--- Input Enclosed Below ---
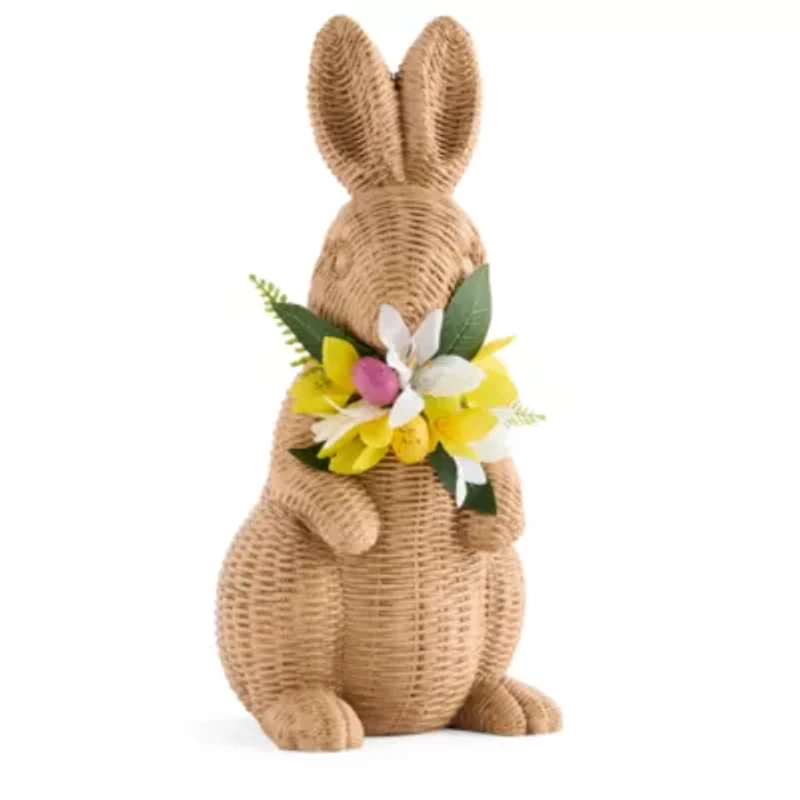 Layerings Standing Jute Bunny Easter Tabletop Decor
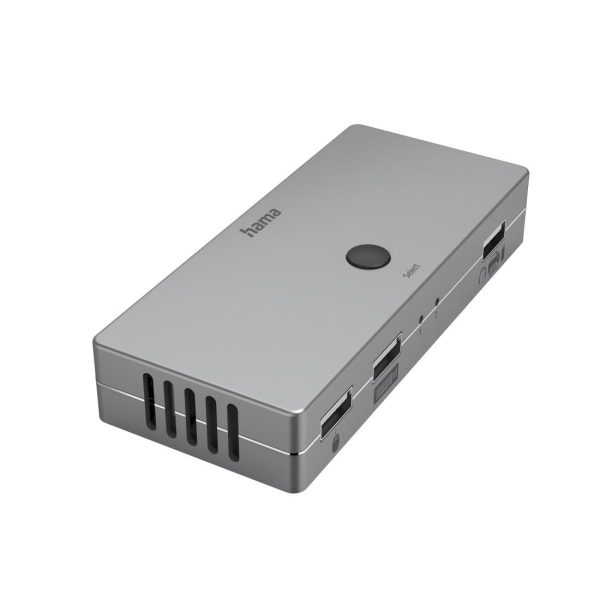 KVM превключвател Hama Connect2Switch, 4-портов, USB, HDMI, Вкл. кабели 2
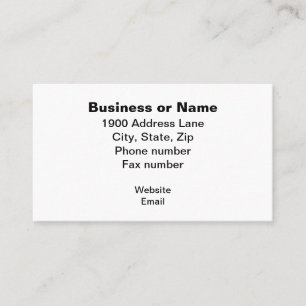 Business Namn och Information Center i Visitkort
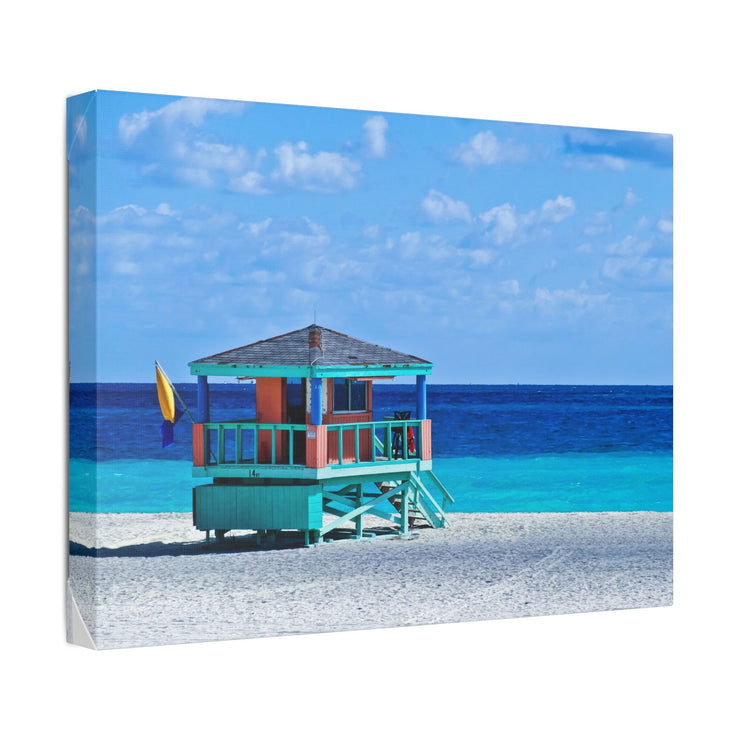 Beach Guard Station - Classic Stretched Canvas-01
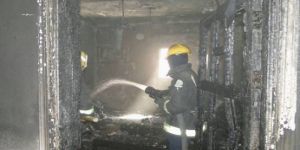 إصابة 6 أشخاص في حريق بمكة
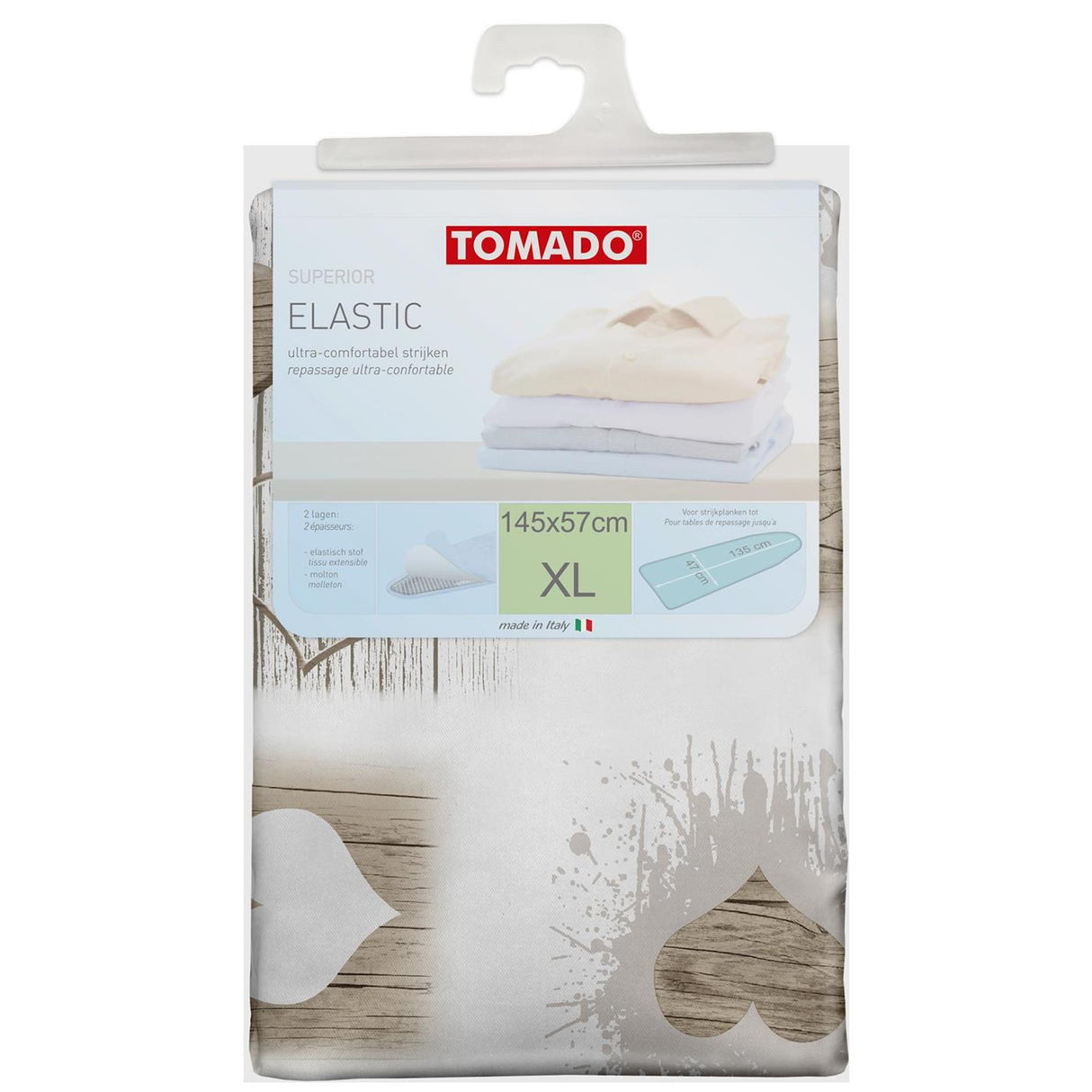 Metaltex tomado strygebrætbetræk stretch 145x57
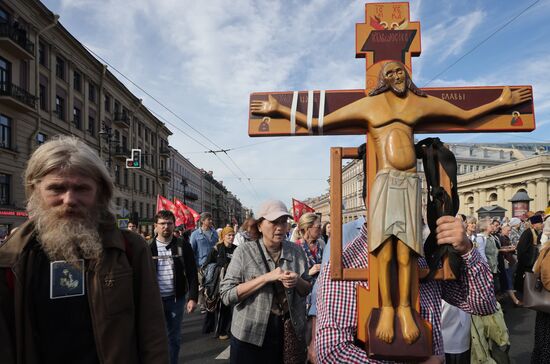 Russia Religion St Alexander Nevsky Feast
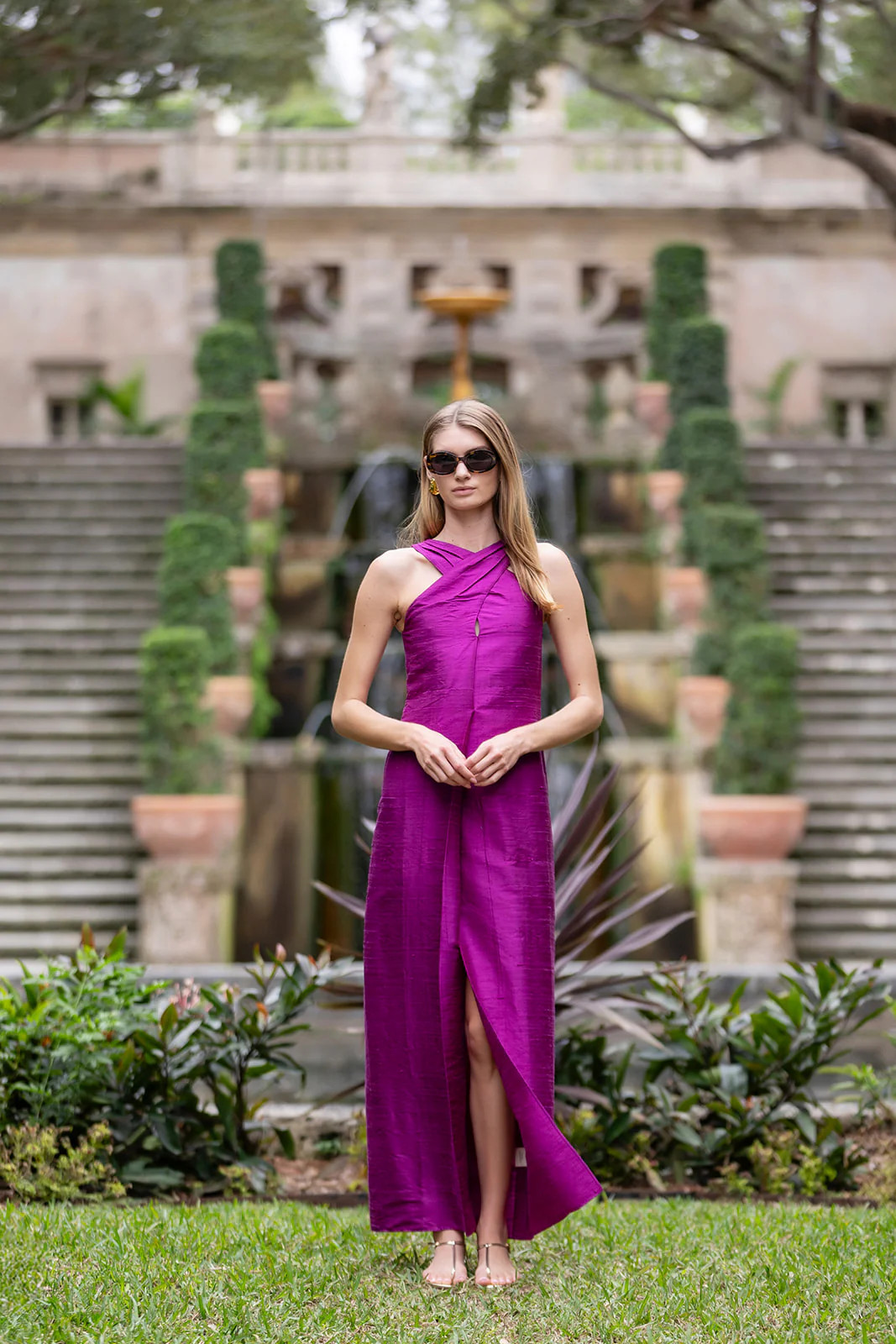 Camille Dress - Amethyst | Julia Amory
--- End of Enclosed Input ---
=== The task ===
Extract the run of lines from the line holding "Business Namn och" through the final line of the material above, exactly and inclusively. Leave the pictures behind.

=== Completed exercise ===
 Business Namn och Information Center i Visitkort
 Beach Guard Station - Classic Stretched Canvas-01
 إصابة 6 أشخاص في حريق بمكة
 Metaltex tomado strygebrætbetræk stretch 145x57
 Russia Religion St Alexander Nevsky Feast
 Camille Dress - Amethyst | Julia Amory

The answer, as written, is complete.